Vers 11h, des membres d’une association de diplômés chômeurs manifestaient dans le quartier administratif de Taza alors qu’un autre groupe se faisait entendre devant le siège de la province de la ville. Ces derniers, à l’instar de leurs camarades dans plusieurs villes du royaume, ont voulu occuper le bâtiment public, entrainant l’intervention des forces de l’ordre. « C’est lorsqu’une femme enceinte parmi les manifestants a été violentée par la police que les hostilités se sont vraiment déclarées », narre Mohamed Chiabry.
Les échauffourées gagnent alors le quartier populaire de Koucha (nouvellement dénommé Taqqadoum) dont les habitants se plaignent depuis plusieurs jours de la cherté des factures d’eau et d’électricité. Dans ce quartier où « les gens estiment n’avoir rien à perdre en raison de leurs conditions de vie [chômage des jeunes et précarité], une femme a même dit à son enfant d’aller porter un coup de main aux jeunes qui affrontaient la police », rapporte Chiabry. Les étudiants de la faculté, en grève, ont également grossi les rangs des protestataires dans la soirée, en plus d’avoir bloqué la circulation sur l’axe Fès-Oujda.

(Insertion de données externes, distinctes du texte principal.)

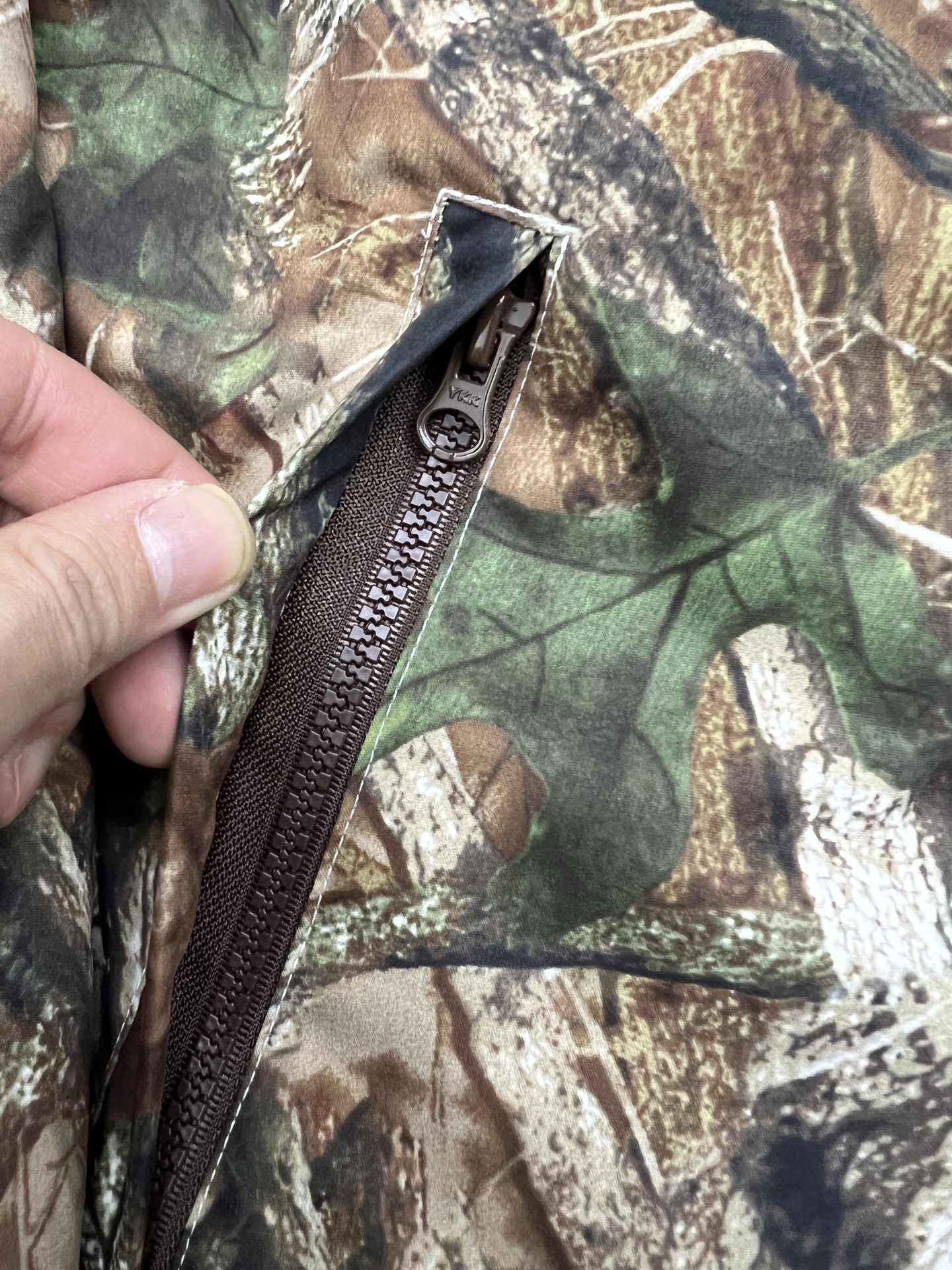 Supreme POLARTEC 联名款 FW25 WEEK8 Polartec Shearling Reversible Pullover 双面穿羊羔毛半拉链套头外套  凤搂 男女同款 黑色 绿色 粉色 树枝迷彩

« Il faut trouver des solutions aux problèmes des jeunes et aux habitants des quartiers populaires », conseille le représentant de l’AMDH, qui parle de « violations des droits de l’Homme » et de « violences des deux côtés [police et manifestants] » à Taza. « Les citoyens ont le droit de manifester, mais la violence n’est pas admise », rappelle-t-il. Ce jeudi, les diplômés chômeurs avaient promis d’organiser une nouvelle manifestation, face aux renforts de policiers dépêchés sur la ville. La tension reste vive à Taza, même si dans la matinée, la situation était encore calme.